● Task brief: Each line of the data needs to be transcribed exactly.

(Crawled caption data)
"""

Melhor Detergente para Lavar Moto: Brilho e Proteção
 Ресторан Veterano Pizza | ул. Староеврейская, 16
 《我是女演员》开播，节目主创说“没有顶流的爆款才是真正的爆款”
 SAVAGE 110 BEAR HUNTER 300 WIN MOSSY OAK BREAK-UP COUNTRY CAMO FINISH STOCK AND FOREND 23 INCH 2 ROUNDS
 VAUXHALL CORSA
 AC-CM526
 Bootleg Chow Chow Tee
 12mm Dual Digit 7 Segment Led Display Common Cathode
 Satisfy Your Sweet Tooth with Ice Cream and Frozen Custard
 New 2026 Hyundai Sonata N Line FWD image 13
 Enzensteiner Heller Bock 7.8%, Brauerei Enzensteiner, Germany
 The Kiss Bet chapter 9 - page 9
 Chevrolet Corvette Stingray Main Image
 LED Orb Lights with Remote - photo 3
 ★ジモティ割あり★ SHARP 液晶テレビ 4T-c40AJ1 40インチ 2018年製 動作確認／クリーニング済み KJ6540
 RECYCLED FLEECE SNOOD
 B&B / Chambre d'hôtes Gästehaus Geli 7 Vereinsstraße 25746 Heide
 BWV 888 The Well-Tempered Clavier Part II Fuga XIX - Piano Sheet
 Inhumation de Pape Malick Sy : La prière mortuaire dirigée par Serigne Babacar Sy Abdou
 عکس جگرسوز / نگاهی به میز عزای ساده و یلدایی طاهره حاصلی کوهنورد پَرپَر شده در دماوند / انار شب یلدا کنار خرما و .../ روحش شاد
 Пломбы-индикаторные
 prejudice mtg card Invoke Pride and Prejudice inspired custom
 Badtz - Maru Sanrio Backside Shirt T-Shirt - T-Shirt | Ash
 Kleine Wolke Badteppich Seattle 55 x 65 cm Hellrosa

"""

● Output for this exercise:
Melhor Detergente para Lavar Moto: Brilho e Proteção
 Ресторан Veterano Pizza | ул. Староеврейская, 16
 《我是女演员》开播，节目主创说“没有顶流的爆款才是真正的爆款”
 SAVAGE 110 BEAR HUNTER 300 WIN MOSSY OAK BREAK-UP COUNTRY CAMO FINISH STOCK AND FOREND 23 INCH 2 ROUNDS
 VAUXHALL CORSA
 AC-CM526
 Bootleg Chow Chow Tee
 12mm Dual Digit 7 Segment Led Display Common Cathode
 Satisfy Your Sweet Tooth with Ice Cream and Frozen Custard
 New 2026 Hyundai Sonata N Line FWD image 13
 Enzensteiner Heller Bock 7.8%, Brauerei Enzensteiner, Germany
 The Kiss Bet chapter 9 - page 9
 Chevrolet Corvette Stingray Main Image
 LED Orb Lights with Remote - photo 3
 ★ジモティ割あり★ SHARP 液晶テレビ 4T-c40AJ1 40インチ 2018年製 動作確認／クリーニング済み KJ6540
 RECYCLED FLEECE SNOOD
 B&B / Chambre d'hôtes Gästehaus Geli 7 Vereinsstraße 25746 Heide
 BWV 888 The Well-Tempered Clavier Part II Fuga XIX - Piano Sheet
 Inhumation de Pape Malick Sy : La prière mortuaire dirigée par Serigne Babacar Sy Abdou
 عکس جگرسوز / نگاهی به میز عزای ساده و یلدایی طاهره حاصلی کوهنورد پَرپَر شده در دماوند / انار شب یلدا کنار خرما و .../ روحش شاد
 Пломбы-индикаторные
 prejudice mtg card Invoke Pride and Prejudice inspired custom
 Badtz - Maru Sanrio Backside Shirt T-Shirt - T-Shirt | Ash
 Kleine Wolke Badteppich Seattle 55 x 65 cm Hellrosa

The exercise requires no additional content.